INSTRUCTIONS TO FOLLOW:
The reply should contain only the lines from the start of the records through the line with "OPI Nail Envy", reproduced verbatim and without pictures.

(Captioned web images)

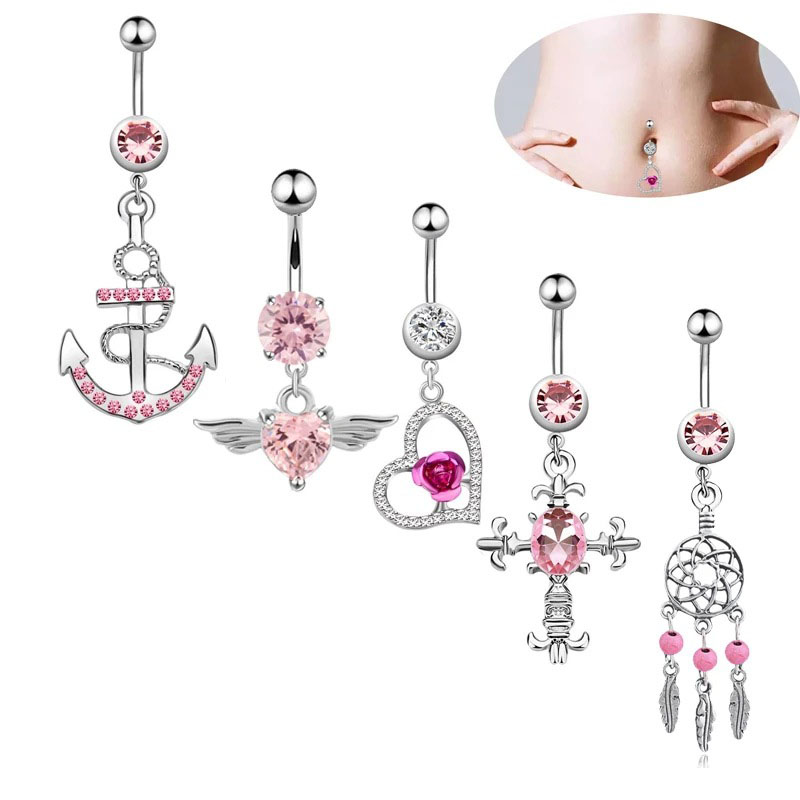 Wholesale Jewelry Dream Catcher Belly Button Ring Zirconia Navel Ring Heart-shaped Belly Button Piercing Body Jewelry
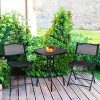 Giantex-3-Pcs-Bistro-Set-Garden-Backyard-Table-Folding-Chairs-Outdoor-Patio-Furniture-Black-0-2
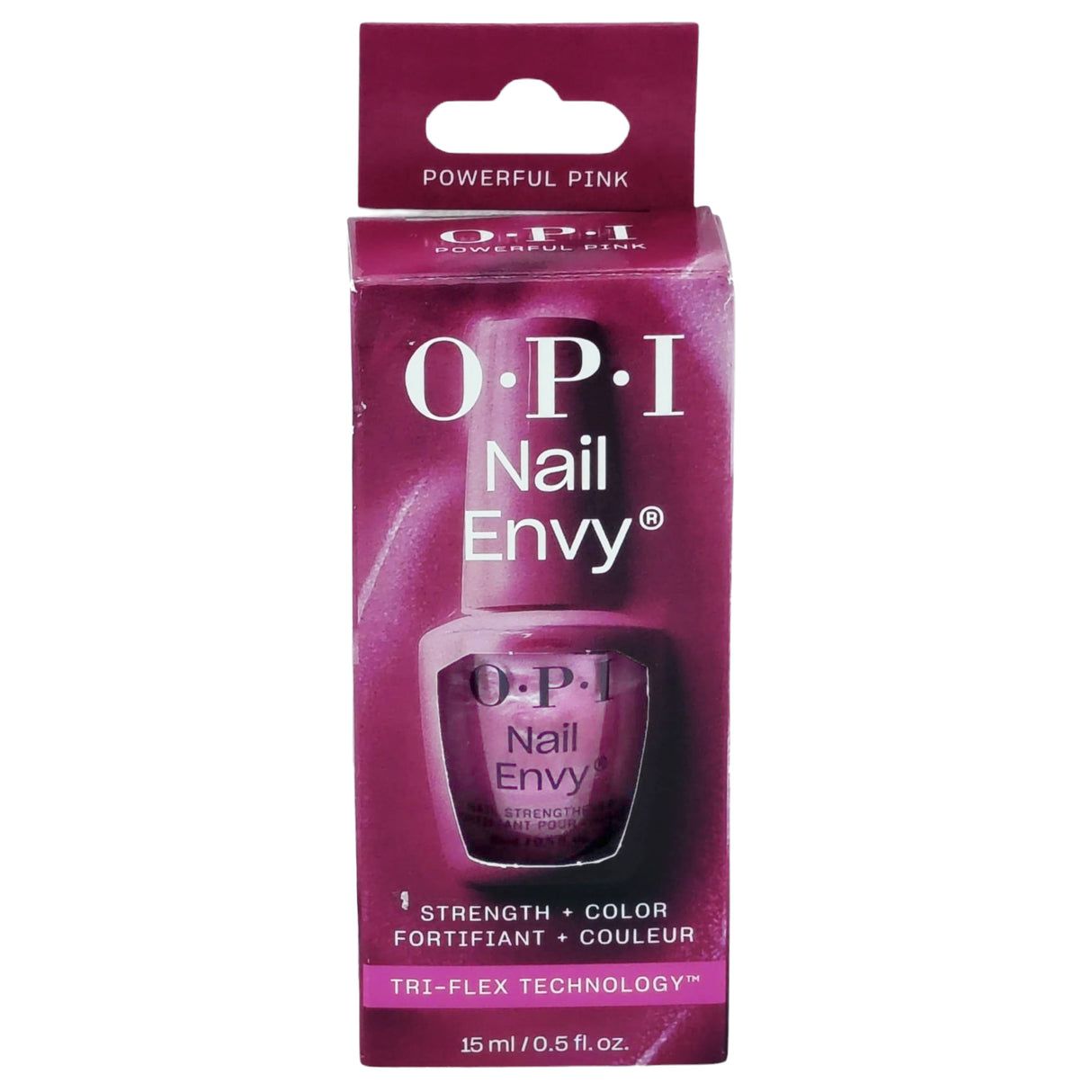 OPI Nail Envy Tri Flex Nail Strengthener Box Front View - Powerful Pink 15ml 0.5oz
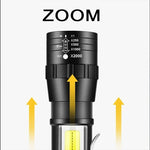 lampe torche noire rechargeable zoomable lumières led modes strobe campingurgence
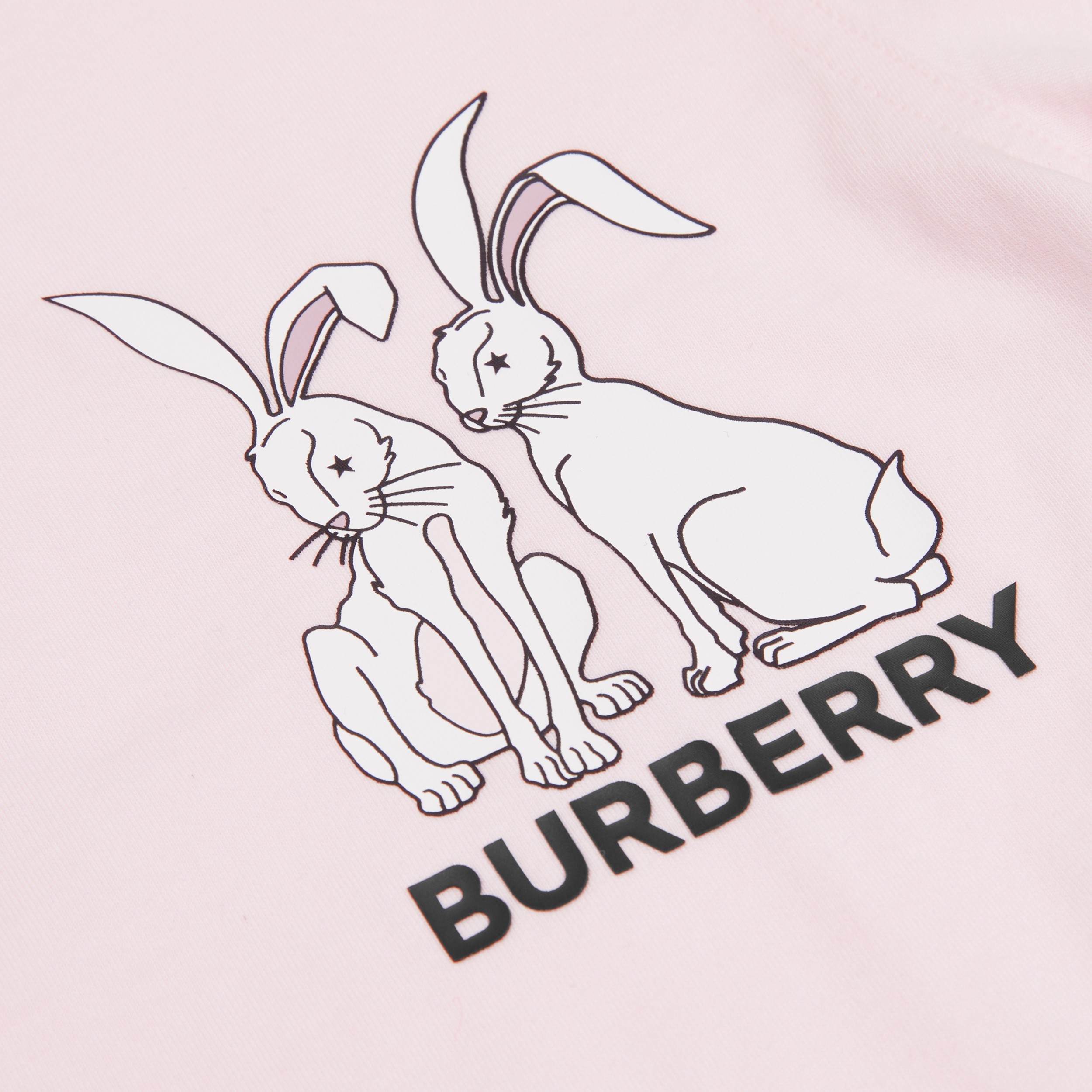 Rabbit Print Cotton T-shirt in Frosty Pink | Burberry® Official - 2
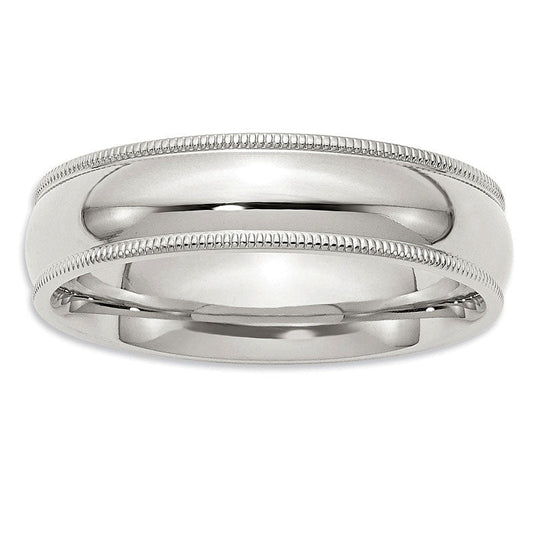 Men's 6.0mm Comfort Fit Milgrain Wedding Band in Sterling Silver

WRITTEN RESPONSE:
 Wholesale Jewelry Dream Catcher Belly Button Ring Zirconia Navel Ring Heart-shaped Belly Button Piercing Body Jewelry
 Giantex-3-Pcs-Bistro-Set-Garden-Backyard-Table-Folding-Chairs-Outdoor-Patio-Furniture-Black-0-2
 OPI Nail Envy Tri Flex Nail Strengthener Box Front View - Powerful Pink 15ml 0.5oz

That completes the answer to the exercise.